Database Partitioning

  • When tables grow to 100s of gigabytes or even terabytes, queries tend to become slow
  • Even when we've set indices correctly, these indices can become so large they don't fit into memory
  • At a certain point, it can make sense to split a table up into multiple smaller parts. This is the process called 'partitioning'
  • Partitioning fits into the physical data model, as we distribute the data over several physical entities
  • Two types of partitioning:
    • Vertical Partitioning - splits up a table vertically by its columns, even when it's already fully normalized
    • Horizontal Partitioning - splits up tables over the rows, e.g by splitting data using timestamp.

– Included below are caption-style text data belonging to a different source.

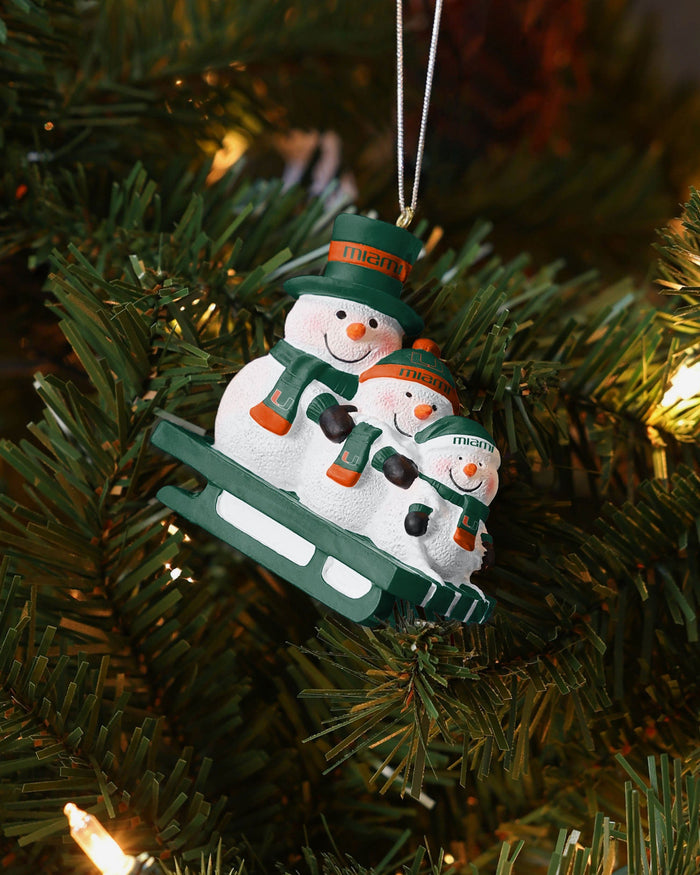 Miami Hurricanes Sledding Snowmen Ornament FOCO - FOCO.com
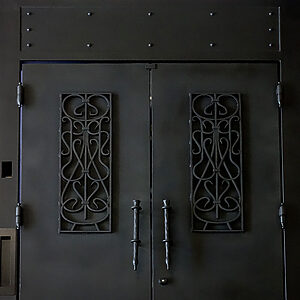 重厚感のあるブラックのオーダーメイド・ロートアイアン門扉。上部の鉄板部分に等間隔で配置された装飾リベットが、クラシックで堅牢なデザイン性を強調。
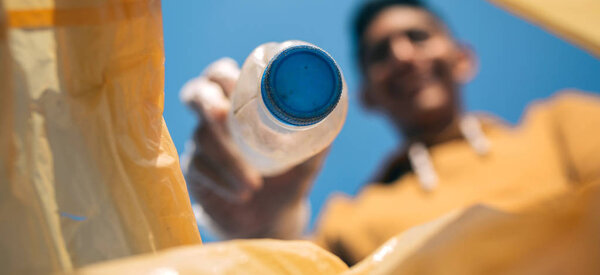 Young man throwing plastic bottles in the trash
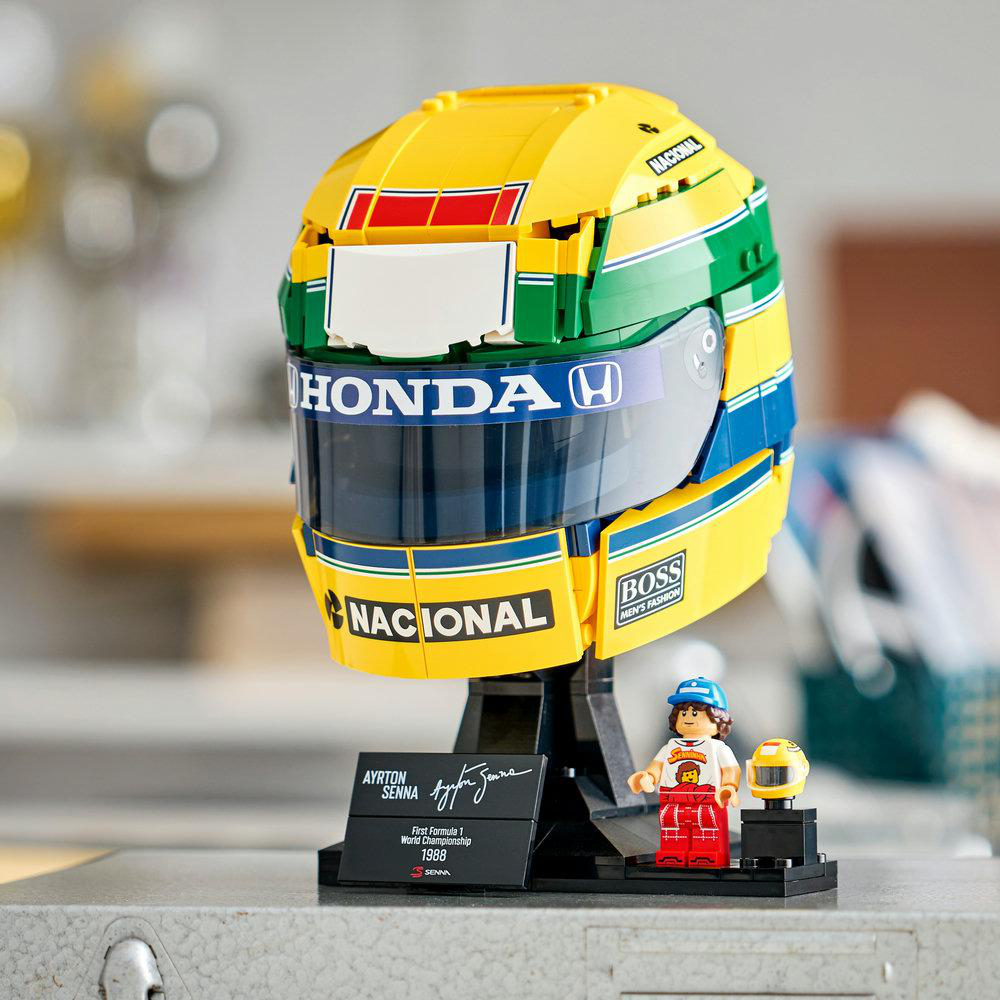 Ein Lego-Modell von Ayrton Sennas gelb-grün-blauem Helm mit einem Ständer, einer Namensplakette und einer kleinen Figur.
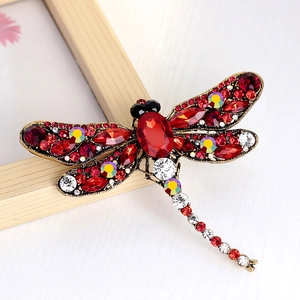 Vintage dragonfly brooch with large red stone and colorful crystals on antique gold base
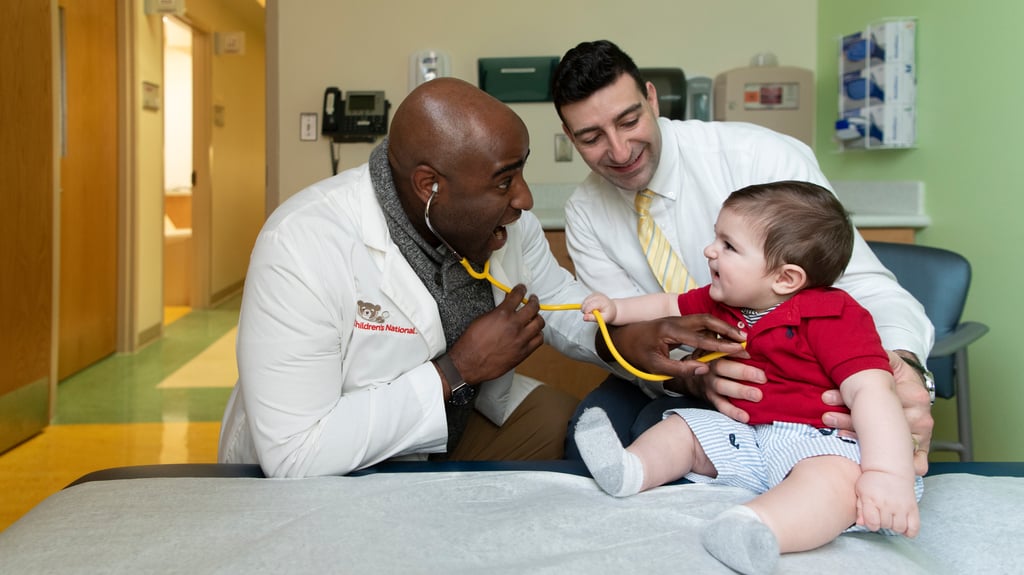 doctor listens to baby's chest with stethoscope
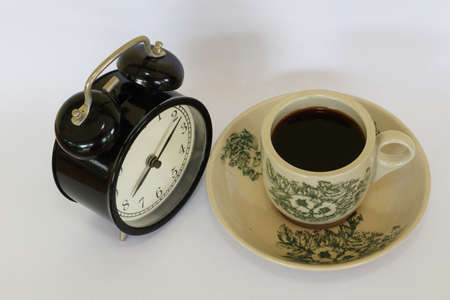 a cup of black coffee on the tableの写真素材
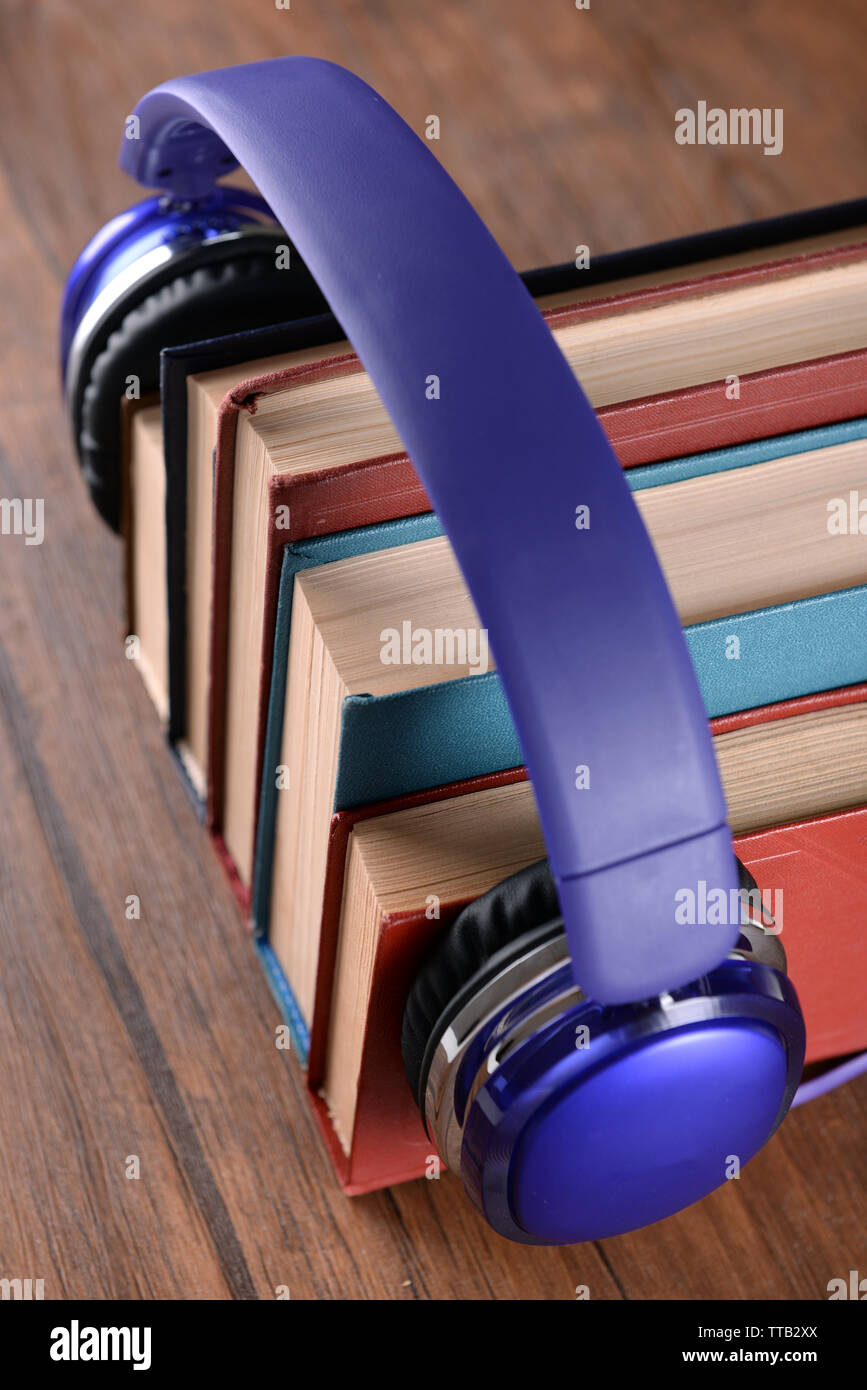 Livres et livres audio écouteurs comme concept sur table en bois, gros plan Banque D'Images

Can be partitioned by range, list etc
  • Example query of H. partitioning in PostgreSQL by RANGE: Horizontal Partitioning

Advantages of H. Partitioning

  • Can help by optimizing indices, increasing the chance that heavily-used parts of the index fit in memory
  • You can move rarely accessed partitions to a slower medium, and vice versa
  • Can benefit both OLAP and OLTP

Disadvantages of H. Partitioning

  • Partitioning existing tables can be a hassle: you have to create a new table and copy over the data
  • We can not always set the same type of constraints on a partitioned table, for example, the PRIMARY KEY constraint

Sharding

  • We can take partitioning one step further and distribute the partitions over several machines
  • When horizontal partitioning is applied to spread a table over several machines, it's called sharding
  • This brings the concept of massively parallel processing (MPP) databases, where each node, or machine, can do calculations on specific shards

Data Integration

  • Data Integration is the process of combining data from different sources, formats, technologies to provide users with a translated and unified view of that data
  • When building the unified data model, you need to enforce data governance
  • Thus you need to consider lineage: for effective auditing, you should know where the data originated and where it is used at all times

NoSQL DBMS

  1. Key-Value Stores
  • Stores combinations of keys and values
  • The key serves as a unique identifier to retrieve an associated value. Values range from simple objects, like integers or strings, to more complex objects, like JSON structures
  • They are most frequently used for managing session information in web applications e.g managing shopping carts for online buyers.
  • An example DBMS is Redis
  1. Document Stores
  • Document stores are similar to key-value in that they consist of keys, each corresponding to a value
  • The difference is that the stored values, referred to as documents, provide some structure and encoding of the managed data.
  • That structure can be used to do more advanced queries on the data instead of just value retrieval.
  • A document database is a great choice for content management applications such as blogs and video platforms. Each entity that the application tracks can be stored as a single document.
  • An example of a document store DBMS is MongoDB
  1. Columnar Databases
  • Rather than grouping columns together into tables, columnar databases store each column in a separate file in the system’s storage
  • This allows for databases that are more scalable, and faster at scale.
  • Use a columnar database for big data analytics where speed is important
  • An example is Cassandra
  1. Graph Databases
  • Here, the data is interconnected and best represented as a graph
  • This method is capable of lots of complexity
  • Graph databases are used by most social networks and pretty much any website that recommends anything based on your behavior
  • An example of a graph DBMS is Neo4j.